* **EXERCISE DESCRIPTION**
What's needed is a word-for-word retyping of the entries below, pictures omitted.

* **MATERIAL FOR THE TASK**
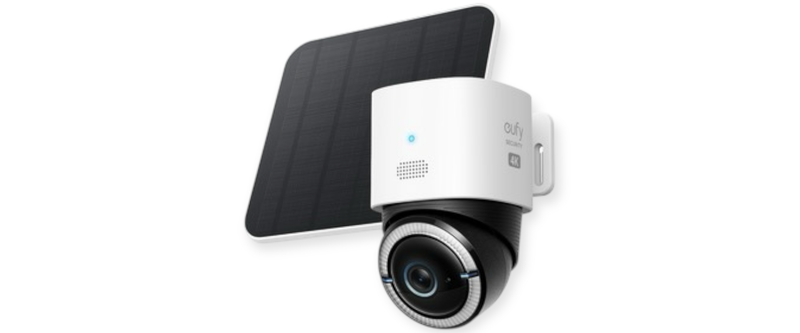 Kategorie Eufy 4G LTE Cam S330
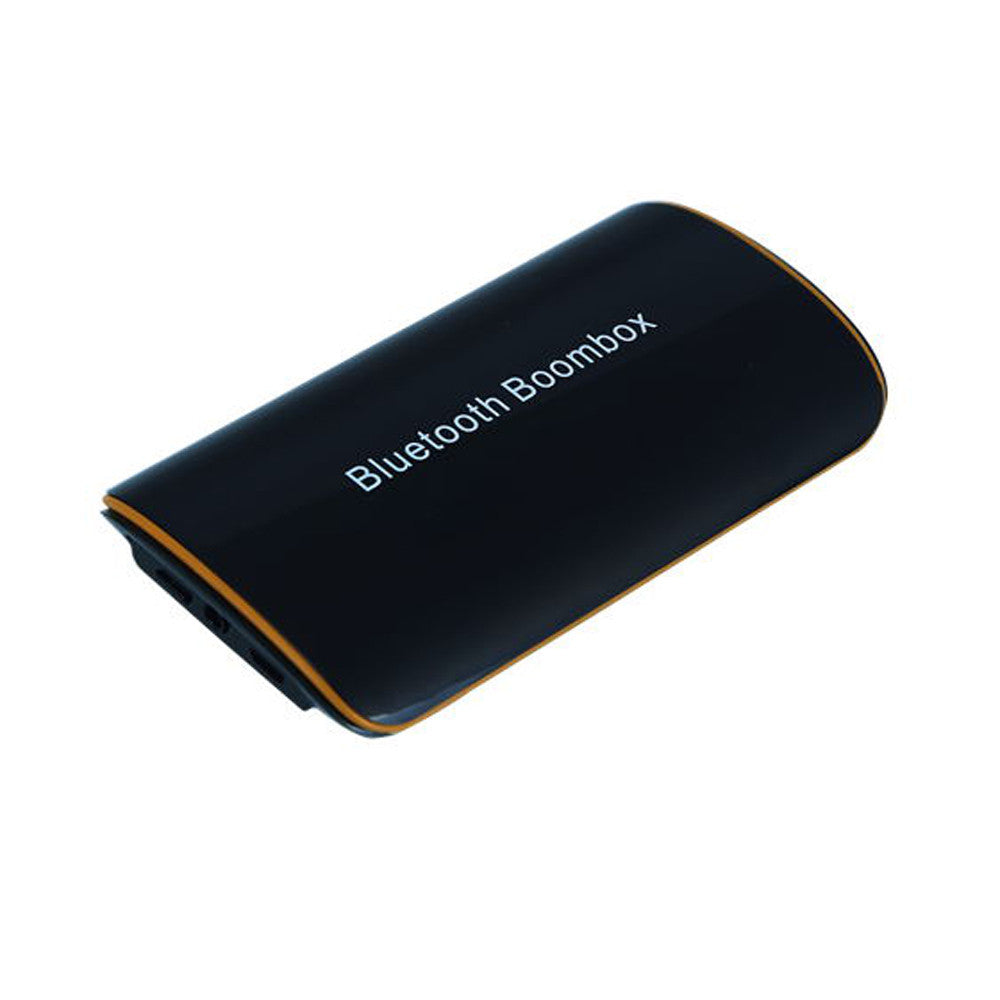 Bluetooth Speaker with Aux Adapter for Wired Headphones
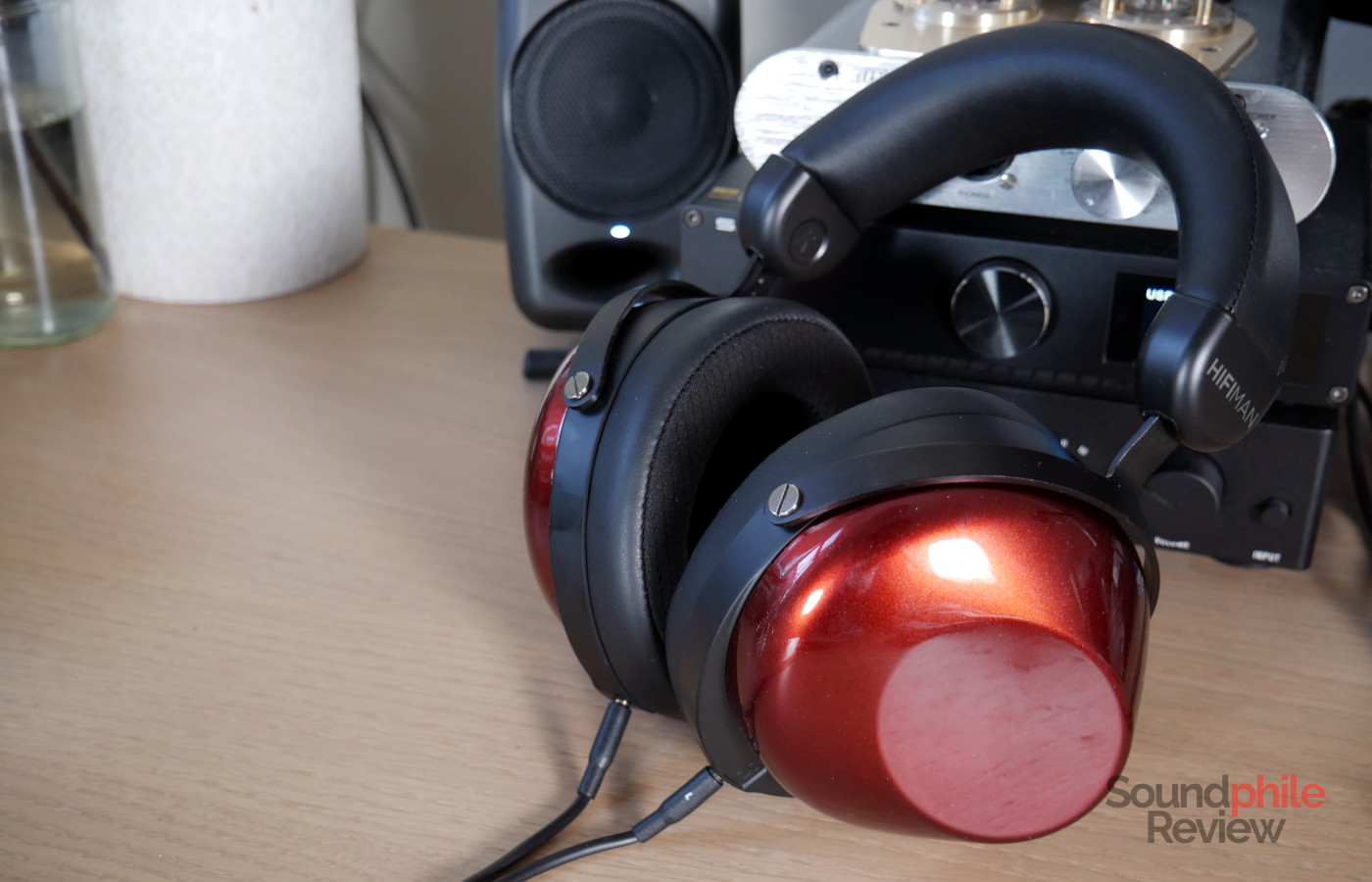 HiFiMAN HE-R9 review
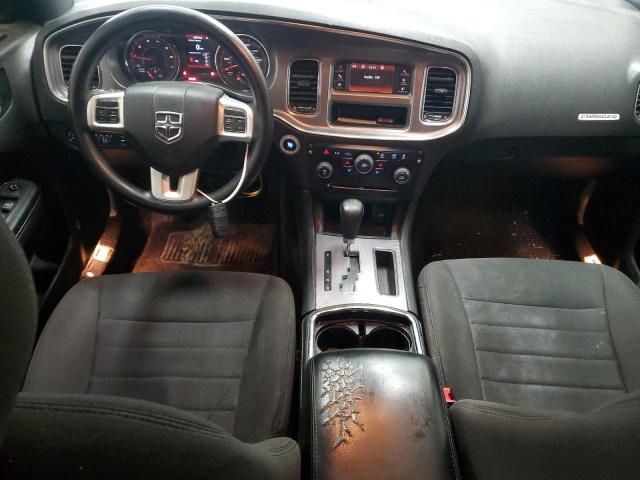 Photo 8 from auction – 2014 DODGE CHARGER SE with VIN 2C3CDXBG6EH316109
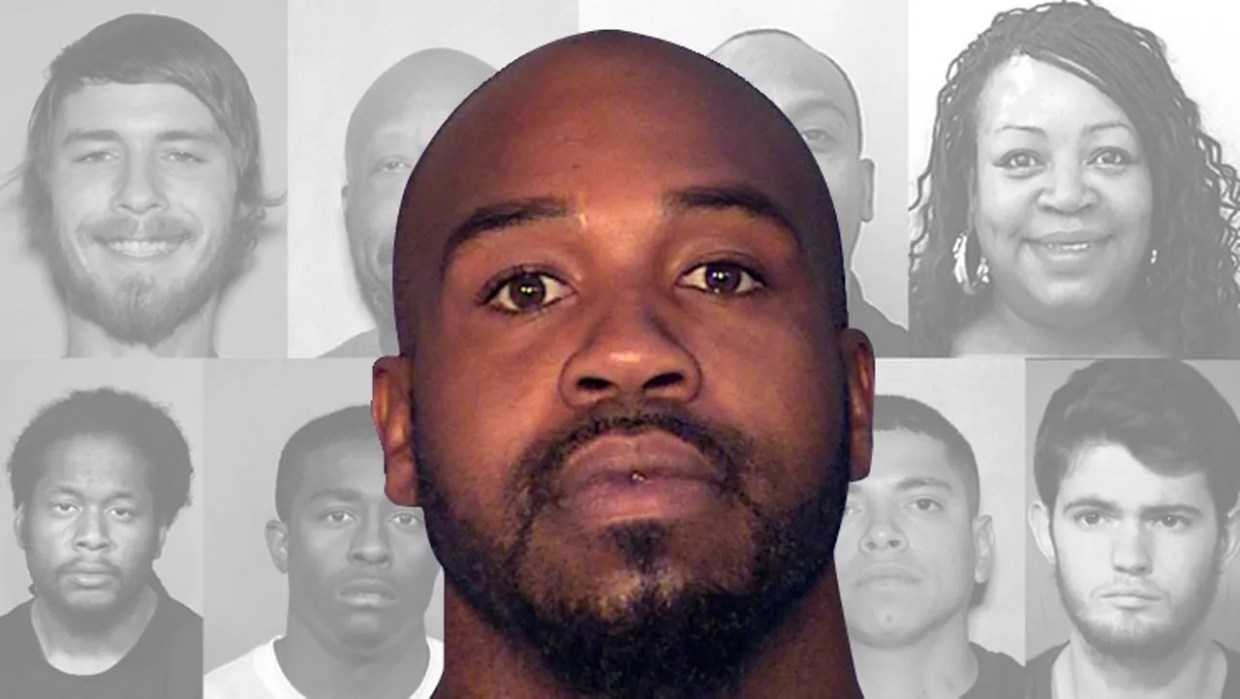 Inside the Mind of an Accused Serial Killer: Cleophus Cooksey’s Police Interviews
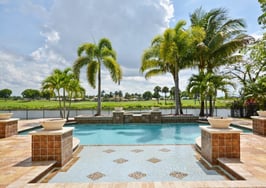 Luxury listing: former Florida Panthers player lists Parkland mansion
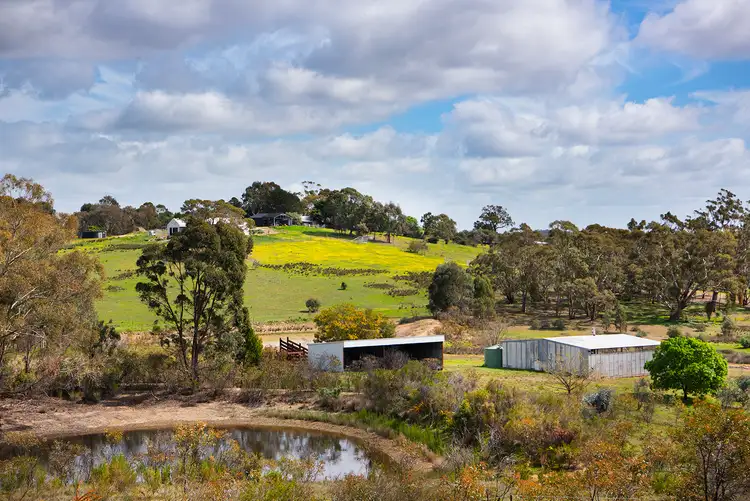 Fifth view of Homely land listing, LOT 3 Mandurang South Road, Mandurang South VIC 3551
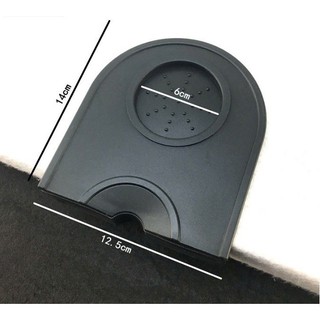 Tấm Lót Silicon Tamper Pha Cafe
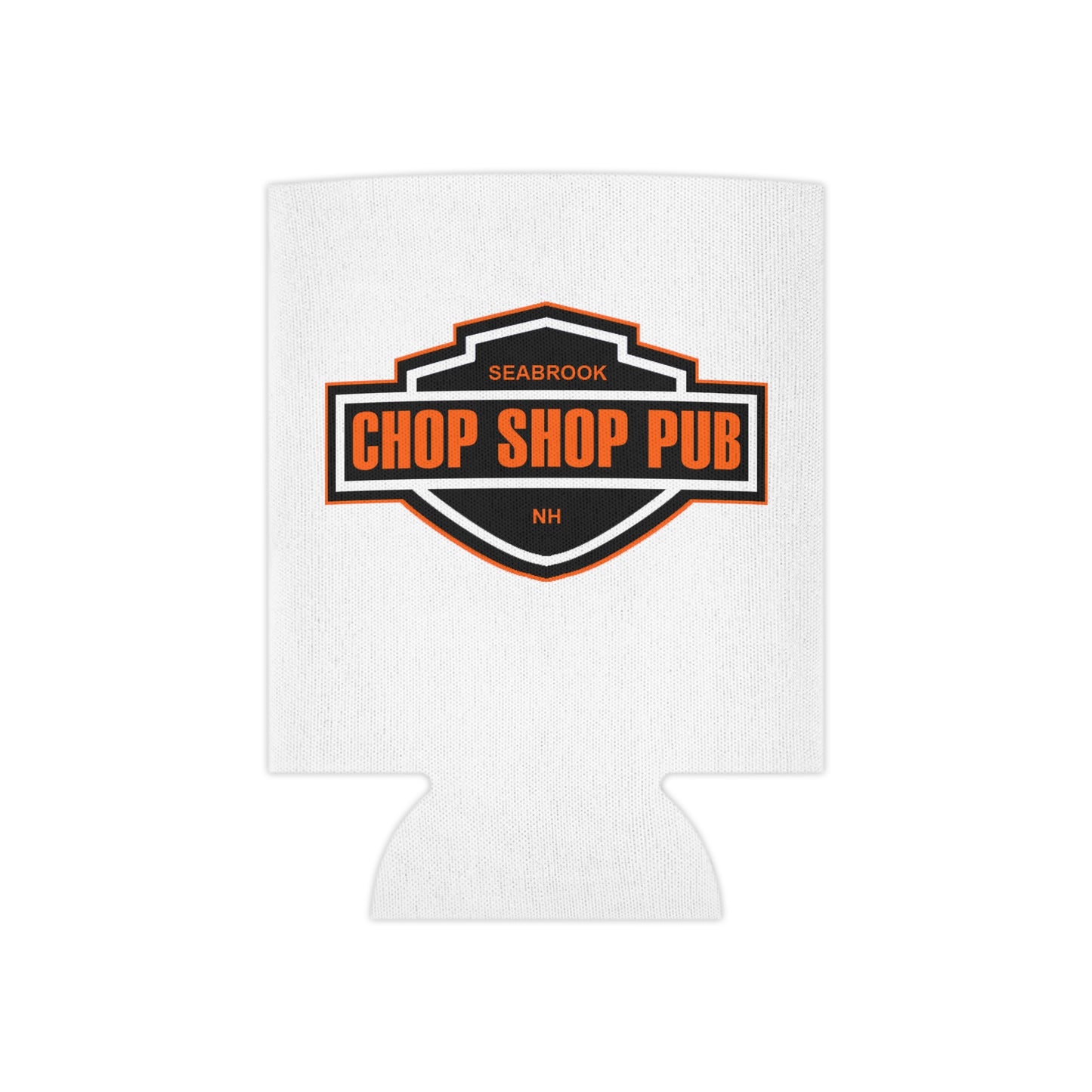 Logo Koozie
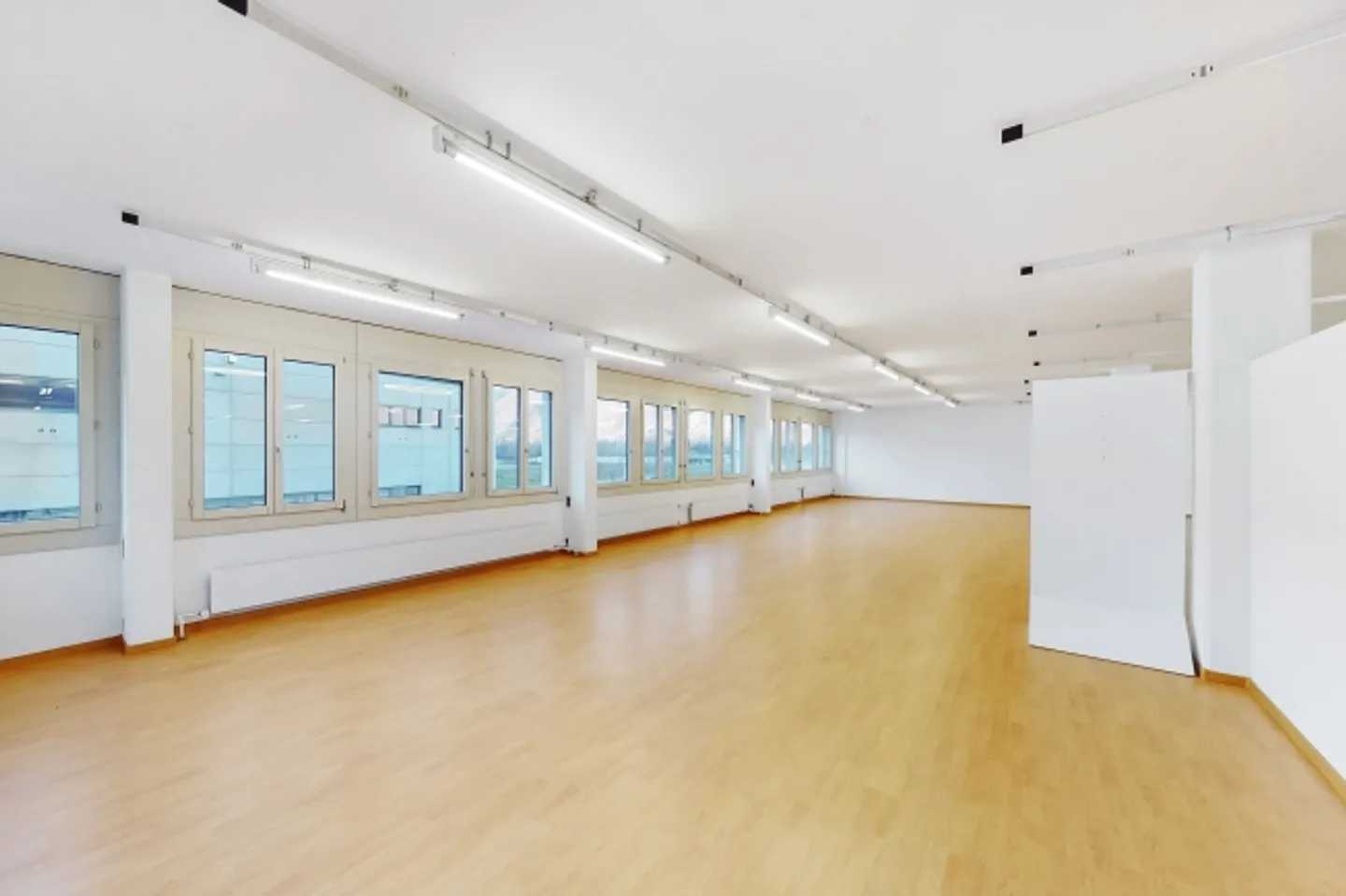 «AMPI SPAZI COMMERCIALI AL CENTRO LUSERTE» - Foto 9 von 11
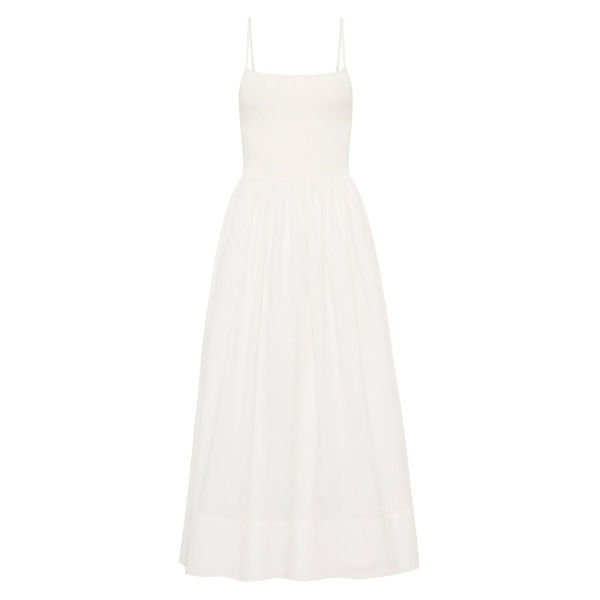 Aje Ivory Dresses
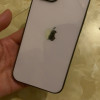 Apple/苹果iPhone 14/Plus智能手机全新美版有锁 智能手机 未激活 6.7英寸 128GB 暗紫色[联系客服打孔]晒单图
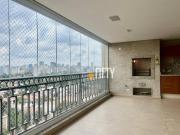 Apartamento com 3 dormitórios à venda, 156 m² por R$...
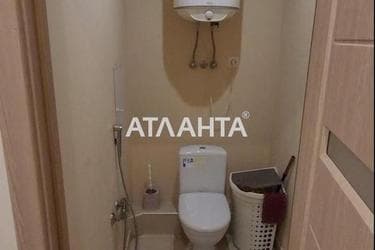 1-room apartment apartment by the address st. Protsenko (area 37,8 m²) - Atlanta.ua - photo 19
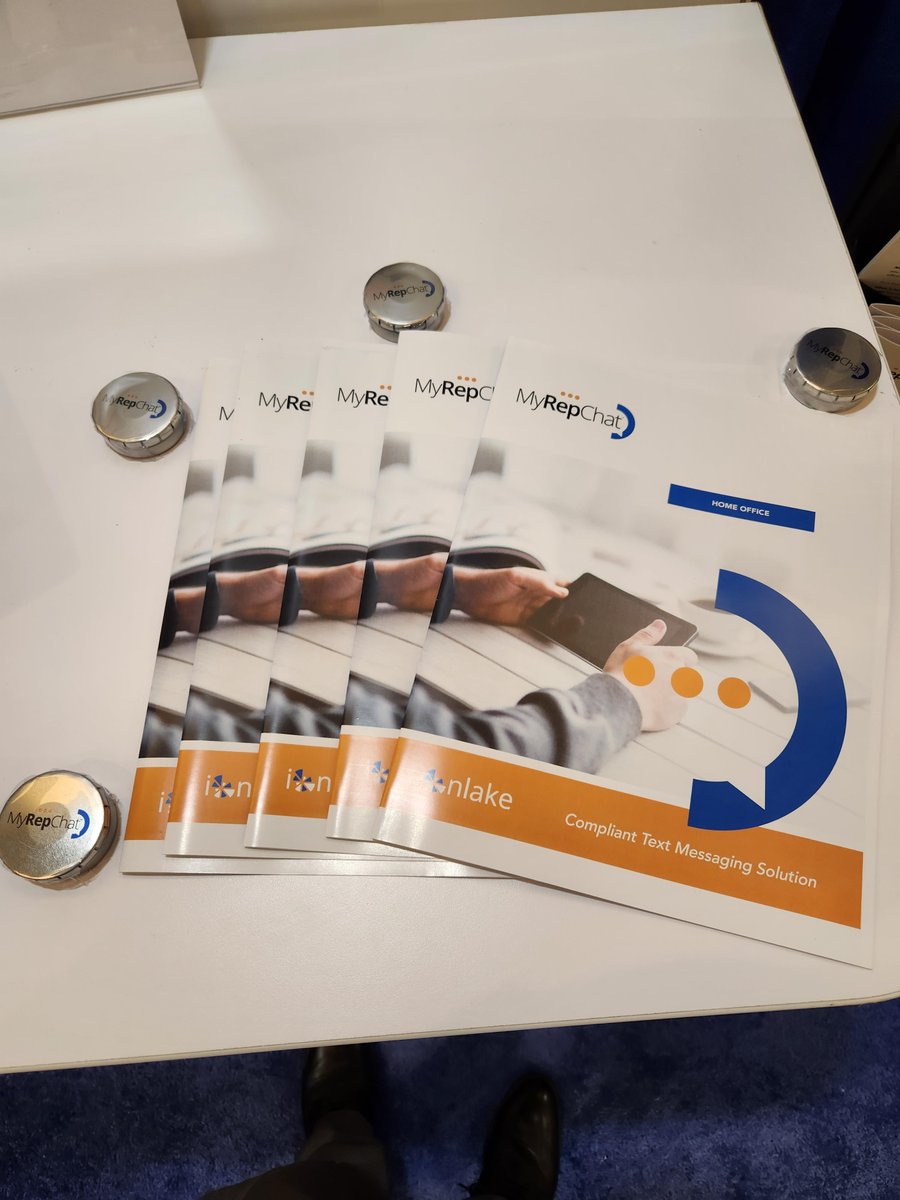 MyRepChat tweet media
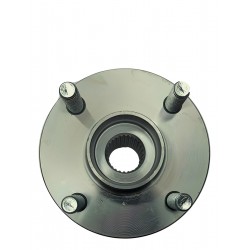 MOZO CUBO RUEDA DELANTERO FIESTA POWER/MAX/MOVE/KA/ECOSPORT 1.6-2.0 4X2 4X4 (MHW) (CON ROLINERA)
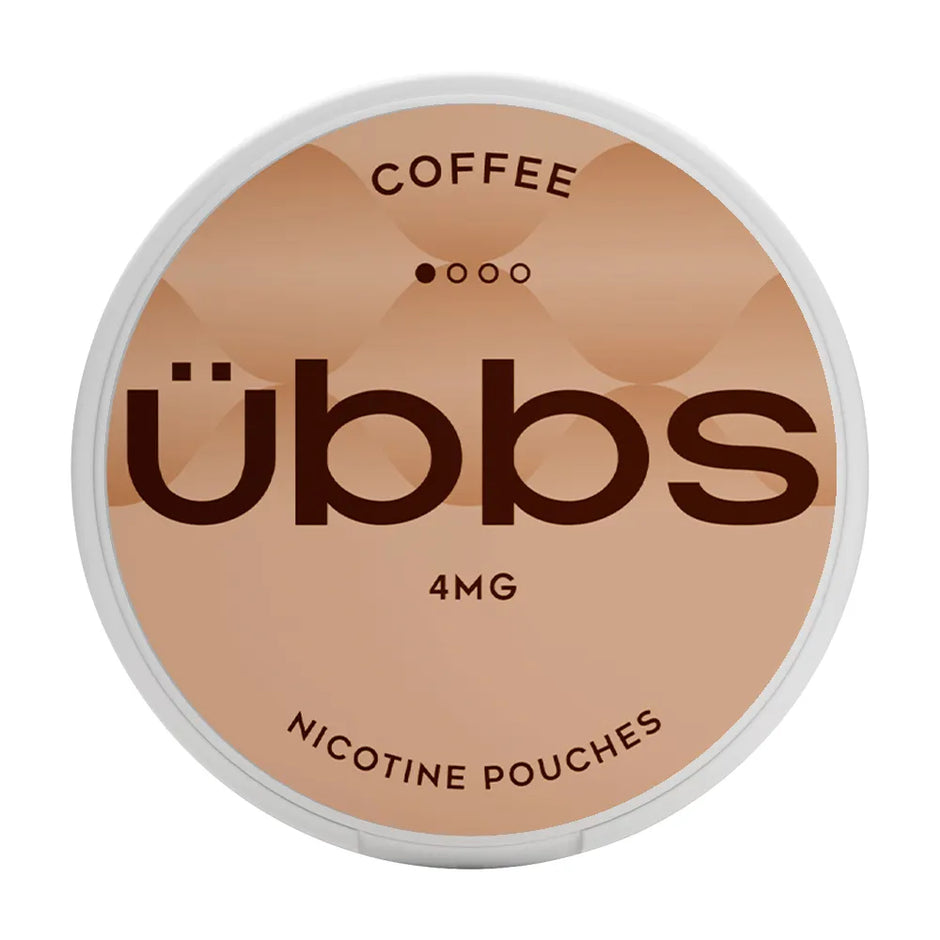 UBBS Coffee Slim SL 1/4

* **REPLY**
 Kategorie Eufy 4G LTE Cam S330
 Bluetooth Speaker with Aux Adapter for Wired Headphones
 HiFiMAN HE-R9 review
 Photo 8 from auction – 2014 DODGE CHARGER SE with VIN 2C3CDXBG6EH316109
 Inside the Mind of an Accused Serial Killer: Cleophus Cooksey’s Police Interviews
 Luxury listing: former Florida Panthers player lists Parkland mansion
 Fifth view of Homely land listing, LOT 3 Mandurang South Road, Mandurang South VIC 3551
 Tấm Lót Silicon Tamper Pha Cafe
 Logo Koozie
 «AMPI SPAZI COMMERCIALI AL CENTRO LUSERTE» - Foto 9 von 11
 Aje Ivory Dresses
 Apple/苹果iPhone 14/Plus智能手机全新美版有锁 智能手机 未激活 6.7英寸 128GB 暗紫色[联系客服打孔]晒单图
 Apartamento com 3 dormitórios à venda, 156 m² por R$...
 1-room apartment apartment by the address st. Protsenko (area 37,8 m²) - Atlanta.ua - photo 19
 MyRepChat tweet media
 MOZO CUBO RUEDA DELANTERO FIESTA POWER/MAX/MOVE/KA/ECOSPORT 1.6-2.0 4X2 4X4 (MHW) (CON ROLINERA)
 UBBS Coffee Slim SL 1/4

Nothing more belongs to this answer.